Senator Xenophon said the benefit of the RIC, given the difficulty agriculture businesses had in getting finance, “will be considerable” but “appropriate” transparency and accountability mechanisms were needed, within the bill.
Senator Bernardi said the RIC bill was being discussed just weeks ahead of the Select Committee’s Lending to Primary Production Customers report being tabled on November 29, which was an inquiry initiated by One Nation which he supported, along with the Coalition; ALP; and NXT.
He said there was “no doubt the major banks struggle to understand farmers” and the stress they come under, during periods of drought and other unforeseen climatic events that affect agricultural production.
“The big banks struggle to extend the grace to farmers that they need due to the sporadic nature of their cash flow,” he said.
But he said competition in the banking sector which was occurring including for rural finance was an answer to the problem being debated, rather than more government intervention.

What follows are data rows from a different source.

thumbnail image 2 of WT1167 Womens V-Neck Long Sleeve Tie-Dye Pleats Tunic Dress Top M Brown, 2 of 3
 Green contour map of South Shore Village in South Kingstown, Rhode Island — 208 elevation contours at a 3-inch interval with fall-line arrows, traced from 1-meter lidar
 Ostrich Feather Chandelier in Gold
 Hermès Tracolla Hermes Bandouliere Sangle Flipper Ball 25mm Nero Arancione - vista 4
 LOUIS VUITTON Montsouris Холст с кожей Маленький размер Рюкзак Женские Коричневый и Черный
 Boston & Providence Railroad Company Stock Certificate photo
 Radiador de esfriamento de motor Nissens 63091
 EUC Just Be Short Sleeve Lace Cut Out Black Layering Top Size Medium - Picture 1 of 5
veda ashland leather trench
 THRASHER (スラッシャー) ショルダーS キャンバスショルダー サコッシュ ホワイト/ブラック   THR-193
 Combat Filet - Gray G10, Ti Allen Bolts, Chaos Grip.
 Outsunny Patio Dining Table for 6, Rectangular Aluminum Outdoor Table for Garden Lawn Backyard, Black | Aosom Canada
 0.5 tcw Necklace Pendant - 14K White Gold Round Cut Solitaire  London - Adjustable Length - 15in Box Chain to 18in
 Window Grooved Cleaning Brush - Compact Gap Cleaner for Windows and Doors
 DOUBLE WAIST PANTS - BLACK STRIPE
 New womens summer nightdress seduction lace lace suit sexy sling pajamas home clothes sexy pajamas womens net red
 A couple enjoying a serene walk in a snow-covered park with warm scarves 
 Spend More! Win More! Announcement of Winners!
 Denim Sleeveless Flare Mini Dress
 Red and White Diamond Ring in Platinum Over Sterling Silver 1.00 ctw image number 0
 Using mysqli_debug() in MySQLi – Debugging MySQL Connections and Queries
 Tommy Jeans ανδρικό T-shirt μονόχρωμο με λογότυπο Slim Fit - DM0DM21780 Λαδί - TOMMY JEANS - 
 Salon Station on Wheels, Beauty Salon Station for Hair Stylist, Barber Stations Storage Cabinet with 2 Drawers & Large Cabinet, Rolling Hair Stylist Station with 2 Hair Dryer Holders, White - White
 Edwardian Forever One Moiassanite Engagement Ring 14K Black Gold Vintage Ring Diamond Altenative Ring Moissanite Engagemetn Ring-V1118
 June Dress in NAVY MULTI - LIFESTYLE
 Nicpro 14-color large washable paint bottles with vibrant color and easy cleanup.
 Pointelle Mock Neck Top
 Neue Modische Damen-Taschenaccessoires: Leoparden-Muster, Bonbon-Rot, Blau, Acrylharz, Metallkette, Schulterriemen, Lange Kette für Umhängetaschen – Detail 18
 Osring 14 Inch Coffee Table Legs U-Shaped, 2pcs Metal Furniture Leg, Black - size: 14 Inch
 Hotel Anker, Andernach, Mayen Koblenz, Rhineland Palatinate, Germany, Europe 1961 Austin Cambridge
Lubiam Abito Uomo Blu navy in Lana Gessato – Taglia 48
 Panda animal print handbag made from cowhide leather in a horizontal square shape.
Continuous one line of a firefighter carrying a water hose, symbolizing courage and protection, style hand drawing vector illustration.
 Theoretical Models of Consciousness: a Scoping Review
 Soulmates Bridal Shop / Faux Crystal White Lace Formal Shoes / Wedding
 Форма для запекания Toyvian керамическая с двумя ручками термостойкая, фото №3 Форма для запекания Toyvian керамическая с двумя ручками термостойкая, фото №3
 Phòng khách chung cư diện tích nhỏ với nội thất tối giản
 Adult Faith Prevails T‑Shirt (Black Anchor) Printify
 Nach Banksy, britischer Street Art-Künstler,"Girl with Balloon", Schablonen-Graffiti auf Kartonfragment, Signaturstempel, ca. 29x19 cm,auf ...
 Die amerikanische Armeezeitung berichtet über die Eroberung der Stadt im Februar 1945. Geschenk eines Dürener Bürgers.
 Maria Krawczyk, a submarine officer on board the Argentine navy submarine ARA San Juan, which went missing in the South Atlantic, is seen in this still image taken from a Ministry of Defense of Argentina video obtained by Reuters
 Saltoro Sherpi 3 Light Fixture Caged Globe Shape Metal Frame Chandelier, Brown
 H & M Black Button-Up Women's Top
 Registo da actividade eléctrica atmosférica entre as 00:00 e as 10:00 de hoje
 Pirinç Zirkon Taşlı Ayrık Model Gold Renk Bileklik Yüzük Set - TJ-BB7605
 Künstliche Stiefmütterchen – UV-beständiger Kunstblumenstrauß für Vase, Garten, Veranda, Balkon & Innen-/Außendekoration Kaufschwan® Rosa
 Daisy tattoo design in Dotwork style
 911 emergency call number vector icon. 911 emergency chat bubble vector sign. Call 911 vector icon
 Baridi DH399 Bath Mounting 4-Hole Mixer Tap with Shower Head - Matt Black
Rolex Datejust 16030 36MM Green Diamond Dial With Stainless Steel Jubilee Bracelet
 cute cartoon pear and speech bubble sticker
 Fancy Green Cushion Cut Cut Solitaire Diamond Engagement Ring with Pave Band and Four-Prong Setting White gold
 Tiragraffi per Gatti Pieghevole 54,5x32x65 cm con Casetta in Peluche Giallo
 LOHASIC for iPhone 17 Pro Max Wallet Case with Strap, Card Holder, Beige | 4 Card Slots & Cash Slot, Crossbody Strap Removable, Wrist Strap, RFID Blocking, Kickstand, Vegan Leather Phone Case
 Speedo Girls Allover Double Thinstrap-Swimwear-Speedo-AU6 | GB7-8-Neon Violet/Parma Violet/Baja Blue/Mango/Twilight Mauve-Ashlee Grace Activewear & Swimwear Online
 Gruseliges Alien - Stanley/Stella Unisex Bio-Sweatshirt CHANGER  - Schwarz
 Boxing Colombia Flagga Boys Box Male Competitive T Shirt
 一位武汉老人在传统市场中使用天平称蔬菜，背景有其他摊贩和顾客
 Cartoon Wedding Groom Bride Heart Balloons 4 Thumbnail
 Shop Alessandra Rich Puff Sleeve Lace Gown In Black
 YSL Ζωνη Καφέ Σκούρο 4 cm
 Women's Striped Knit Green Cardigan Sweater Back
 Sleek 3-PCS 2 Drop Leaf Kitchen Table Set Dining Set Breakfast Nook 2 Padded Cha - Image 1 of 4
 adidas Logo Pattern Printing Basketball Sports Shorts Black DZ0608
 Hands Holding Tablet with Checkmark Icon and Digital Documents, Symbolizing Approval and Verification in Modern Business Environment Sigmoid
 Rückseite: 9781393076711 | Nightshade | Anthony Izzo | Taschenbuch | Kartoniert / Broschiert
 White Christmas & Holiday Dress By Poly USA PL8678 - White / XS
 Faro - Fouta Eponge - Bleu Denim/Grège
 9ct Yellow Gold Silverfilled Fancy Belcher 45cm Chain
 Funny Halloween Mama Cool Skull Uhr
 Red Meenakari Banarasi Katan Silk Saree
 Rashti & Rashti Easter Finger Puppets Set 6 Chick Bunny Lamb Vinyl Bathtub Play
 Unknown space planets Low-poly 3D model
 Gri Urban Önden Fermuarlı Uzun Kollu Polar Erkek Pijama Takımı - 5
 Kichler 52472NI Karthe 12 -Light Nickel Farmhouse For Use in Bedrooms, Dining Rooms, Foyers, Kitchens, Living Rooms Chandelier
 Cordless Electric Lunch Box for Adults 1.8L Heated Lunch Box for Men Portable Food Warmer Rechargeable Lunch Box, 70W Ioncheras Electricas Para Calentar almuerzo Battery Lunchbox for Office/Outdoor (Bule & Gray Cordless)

“When confronted with every single market problem, even if government created the problem in the first place, the answer for these people is to expand the role of government to fix the problem that the government created originally,” he said.
“It was Ronald Reagan, I think, who said that there is nothing as like perpetual life as a government program because they're constantly trying to fix their previous mistakes rather than admit it was a complete disaster, move along and start something else.
“This Regional Investment Corporation Bill is no different to that.
“This is effectively a federal takeover of the distribution of drought relief and financing.
“In some respects it is back to the future, because we're going back 43 years and reinstating what is in effect the Commonwealth Development Bank.”
Senator Bernardi said the RIC was not a small-government measure or one designed to reduce the size, scope and reach of government and in fact was “quite the opposite”.
“It's engorging government,” he said.
“It's providing even greater authority to the Commonwealth government at the expense of the principle of federation and also at the expense of this whole notion that those closer to the action are better placed to make decisions on that.
“So it's not a decentralisation measure; it's a centralisation measure.
“It has all the hallmarks of socialist politics and Keynesian economics - it is, perhaps, also a potential breach of our Constitution.
“This regime may indeed get through.
“I, and on behalf of the Australian Conservatives, have severe concerns about it.
“I'm not convinced it is the right approach to the age-old challenge of farm financing.”